Questa Sua Lettera le varrà l’accusa di buonismo, se addirittura le varrà
attribuita una buona dose di ingenuità a opera di quanti ritengono che, siccome
ha fatto la sua comparsa insieme alle prime comunità umane, la guerra è
qualcosa di endemico e quindi di inestirpabile. Sono questi i ragionamenti dei
pigri di mente, i quali ritengono che una cosa, se è così antica, è
immodificabile, come se il progresso dell’umanità, la sua avanzata
civilizzazione, la sua acculturazione non avessero alcun potere su un evento
così atroce come la guerra. E questo anche per colpa dei poeti, dei romanzieri,
degli storici, dei cineasti che hanno abbellito tutte le guerre col mito del
patriottismo, del coraggio, dell’eroismo, nascondendo opportunamente il terrore
che i combattenti non possono confessare per non apparire vili. A tutti
costoro, e a noi che ne siamo plagiati, consiglierei la lettura de Il fascino oscuro della guerra (laterza) di
Chris Hedges, corrispondente di guerra per il New York Times, il quale, contro la rappresentazione della guerra
da parte dei media che celebrano eroismo e compassione, a cui noi partecipiamo
rassicurati del fatto di non esserne coinvolti, ci avverte che: “Non sentiamo
odore di carne putrefatta, non ascoltiamo i lamenti dell’agonia e non vediamo
davanti a noi il sangue e le viscere che erompono dai corpi.

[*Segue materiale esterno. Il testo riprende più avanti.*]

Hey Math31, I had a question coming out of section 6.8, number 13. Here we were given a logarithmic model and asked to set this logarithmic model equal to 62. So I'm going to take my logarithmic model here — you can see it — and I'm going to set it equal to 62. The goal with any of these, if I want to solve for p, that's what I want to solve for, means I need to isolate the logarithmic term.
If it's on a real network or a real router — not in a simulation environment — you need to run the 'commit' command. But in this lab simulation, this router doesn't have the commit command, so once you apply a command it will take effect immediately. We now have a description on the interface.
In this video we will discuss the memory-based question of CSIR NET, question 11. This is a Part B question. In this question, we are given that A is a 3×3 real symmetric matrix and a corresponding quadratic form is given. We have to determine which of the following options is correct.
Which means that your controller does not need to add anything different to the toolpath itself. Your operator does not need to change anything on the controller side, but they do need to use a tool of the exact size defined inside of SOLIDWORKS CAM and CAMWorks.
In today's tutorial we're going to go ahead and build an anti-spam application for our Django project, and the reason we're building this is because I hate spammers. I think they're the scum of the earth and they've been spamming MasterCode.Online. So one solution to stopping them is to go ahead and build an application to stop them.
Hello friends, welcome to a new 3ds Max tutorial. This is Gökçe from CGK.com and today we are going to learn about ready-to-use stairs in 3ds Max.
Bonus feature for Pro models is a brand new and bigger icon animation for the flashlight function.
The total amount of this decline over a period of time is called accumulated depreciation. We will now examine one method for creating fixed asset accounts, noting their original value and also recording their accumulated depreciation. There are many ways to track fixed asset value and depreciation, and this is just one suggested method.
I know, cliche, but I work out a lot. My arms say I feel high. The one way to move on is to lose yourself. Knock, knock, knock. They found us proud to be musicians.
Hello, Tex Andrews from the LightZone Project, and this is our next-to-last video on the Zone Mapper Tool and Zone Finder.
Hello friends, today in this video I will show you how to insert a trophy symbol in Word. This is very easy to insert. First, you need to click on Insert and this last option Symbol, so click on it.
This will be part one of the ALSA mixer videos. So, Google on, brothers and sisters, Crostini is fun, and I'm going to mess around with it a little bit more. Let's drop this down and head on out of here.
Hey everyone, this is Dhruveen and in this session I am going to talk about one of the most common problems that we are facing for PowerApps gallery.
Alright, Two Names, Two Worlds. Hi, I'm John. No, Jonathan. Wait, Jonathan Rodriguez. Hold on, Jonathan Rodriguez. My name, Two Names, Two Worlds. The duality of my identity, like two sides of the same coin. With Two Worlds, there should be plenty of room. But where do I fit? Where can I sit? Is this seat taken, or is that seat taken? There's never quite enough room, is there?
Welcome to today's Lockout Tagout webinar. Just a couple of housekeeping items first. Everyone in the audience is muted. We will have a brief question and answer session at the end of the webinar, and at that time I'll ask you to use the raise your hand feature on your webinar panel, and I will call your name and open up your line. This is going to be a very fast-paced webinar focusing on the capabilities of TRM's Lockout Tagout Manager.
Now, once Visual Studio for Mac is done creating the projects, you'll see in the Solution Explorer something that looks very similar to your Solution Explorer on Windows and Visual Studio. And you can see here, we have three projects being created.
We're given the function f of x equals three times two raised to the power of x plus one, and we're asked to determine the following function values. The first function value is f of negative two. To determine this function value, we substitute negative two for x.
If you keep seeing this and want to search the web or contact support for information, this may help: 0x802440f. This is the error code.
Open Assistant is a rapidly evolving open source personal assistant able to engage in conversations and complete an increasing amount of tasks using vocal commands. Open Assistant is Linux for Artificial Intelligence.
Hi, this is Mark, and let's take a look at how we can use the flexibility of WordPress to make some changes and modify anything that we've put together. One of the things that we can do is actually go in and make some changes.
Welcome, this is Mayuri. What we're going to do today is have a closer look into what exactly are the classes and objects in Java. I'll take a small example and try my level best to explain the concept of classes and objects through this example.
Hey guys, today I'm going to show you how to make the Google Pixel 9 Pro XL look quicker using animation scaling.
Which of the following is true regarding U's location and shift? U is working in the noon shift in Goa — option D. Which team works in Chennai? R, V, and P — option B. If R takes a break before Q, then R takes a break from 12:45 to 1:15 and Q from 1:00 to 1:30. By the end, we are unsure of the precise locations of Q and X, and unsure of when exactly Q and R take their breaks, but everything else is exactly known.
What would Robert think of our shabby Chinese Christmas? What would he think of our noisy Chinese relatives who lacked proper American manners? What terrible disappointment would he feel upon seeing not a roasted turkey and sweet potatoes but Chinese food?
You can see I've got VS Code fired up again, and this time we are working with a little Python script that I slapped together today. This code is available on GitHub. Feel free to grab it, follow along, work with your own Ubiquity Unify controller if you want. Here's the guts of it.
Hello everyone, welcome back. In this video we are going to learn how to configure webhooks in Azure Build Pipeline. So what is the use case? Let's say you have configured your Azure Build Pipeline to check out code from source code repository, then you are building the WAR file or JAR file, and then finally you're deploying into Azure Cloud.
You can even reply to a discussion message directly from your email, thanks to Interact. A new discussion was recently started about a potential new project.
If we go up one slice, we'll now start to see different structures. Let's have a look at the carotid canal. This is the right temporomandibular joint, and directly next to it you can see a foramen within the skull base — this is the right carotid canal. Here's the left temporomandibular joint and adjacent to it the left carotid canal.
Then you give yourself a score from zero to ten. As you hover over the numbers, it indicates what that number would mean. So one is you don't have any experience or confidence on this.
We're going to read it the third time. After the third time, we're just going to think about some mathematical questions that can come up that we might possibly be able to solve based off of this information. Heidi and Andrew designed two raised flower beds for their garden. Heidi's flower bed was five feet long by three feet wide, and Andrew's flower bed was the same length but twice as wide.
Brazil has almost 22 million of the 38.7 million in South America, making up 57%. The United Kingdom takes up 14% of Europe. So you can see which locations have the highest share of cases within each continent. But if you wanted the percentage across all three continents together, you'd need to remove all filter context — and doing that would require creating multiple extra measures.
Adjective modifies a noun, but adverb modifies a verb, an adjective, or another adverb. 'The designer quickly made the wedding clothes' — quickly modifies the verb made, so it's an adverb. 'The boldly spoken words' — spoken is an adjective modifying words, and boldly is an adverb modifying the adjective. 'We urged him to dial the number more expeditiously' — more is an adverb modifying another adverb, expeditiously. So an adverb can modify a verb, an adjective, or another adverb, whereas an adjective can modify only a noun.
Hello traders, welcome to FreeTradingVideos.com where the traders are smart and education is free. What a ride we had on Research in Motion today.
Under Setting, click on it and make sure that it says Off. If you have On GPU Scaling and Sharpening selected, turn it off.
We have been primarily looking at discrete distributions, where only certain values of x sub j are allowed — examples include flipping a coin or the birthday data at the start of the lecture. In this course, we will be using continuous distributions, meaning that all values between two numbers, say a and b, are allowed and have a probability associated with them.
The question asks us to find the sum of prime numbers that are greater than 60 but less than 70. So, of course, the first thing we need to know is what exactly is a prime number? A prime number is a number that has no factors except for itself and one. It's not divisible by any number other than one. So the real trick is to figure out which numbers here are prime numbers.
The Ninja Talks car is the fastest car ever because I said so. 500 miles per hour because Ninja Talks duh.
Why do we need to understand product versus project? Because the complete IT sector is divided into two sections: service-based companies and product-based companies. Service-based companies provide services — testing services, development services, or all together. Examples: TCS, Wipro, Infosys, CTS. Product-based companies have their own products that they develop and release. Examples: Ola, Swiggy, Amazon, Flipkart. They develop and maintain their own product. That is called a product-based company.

Osserviamo – a
distanza – l’ardore e l’eccitazione, ma non viviamo l’ansia che torce le
budella e l’umiliazione che accompagna un pericolo mortale. Ci vuole
l’esperienza della paura e del caos del campo di battaglia, ci vuole il suo
rumore assordante e spaventoso per risvegliarci, per farci capire che non siamo
come credevamo di essere, che la guerra ricostruita dall’industria
dell’informazione e dello spettacolo in molti casi ha il realismo di un
balletto”. La guerra è “necrofila”, non solo perché ammazza, ma perché richiede
in chi si appresta a uccidere che abbia superato dentro di sé quella barriera
psicologica che ti fa compiere un atto contro natura. Come ci ricorda Hegel”:
gli animali ammazzano per fame, ma gli uomini non si nutrono delle loro
vittime. Ammazzano per il piacere del riconoscimento che il vincitore trae
dall’assoggettamento del vinto. Quindi niente di biologico (la fame), tutto di
culturale (il riconoscimento), mentre l’innegabile progresso della cultura e
della civiltà, a cui tendono tutti i popoli, seppure in tempi diversi, non è
mai riuscito a spegnere un’arma. Ma oltre alla necrofilia, come superamento di
una barriera psicologica interiore, la guerra porta a un “oggettivazione” degli
esseri umani non più percepiti come soggetti, perché, come ci ricorda Hedges,
in guerra: “Gli esseri umani diventano oggetti, oggetti da distruggere o da
usare per gratificazioni carnali. Quando la vita non vale niente, quando non si
è sicuri di sopravvivere, quando a governare gli uomini è la paura, spesso si
ha la sensazione che rimangano solo la morte o un fugace piacere carnale”. E
poi la guerra non finisce con la fine della guerra. Un recente studio sulla
seconda guerra mondiale ha documentato che, dopo sessanta giorni di
combattimenti, il 98% dei sopravvissuti ha subito danni psichiatrici che
condussero alcuni a permanenti disadattamenti sociali successivi, altri ancora
al suicidio. Perché oltre alla droga, regolarmente somministrata in guerra per
superare le barriere psicologiche a cui prima abbiamo accennato, è proprio
questo superamento delle barriere che non ti consente più di riconoscerti come
un uomo che può convivere con gli altri uomini. E questa è la ragione per cui
Platone può dire: “Solo i morti hanno visto la fine della guerra”.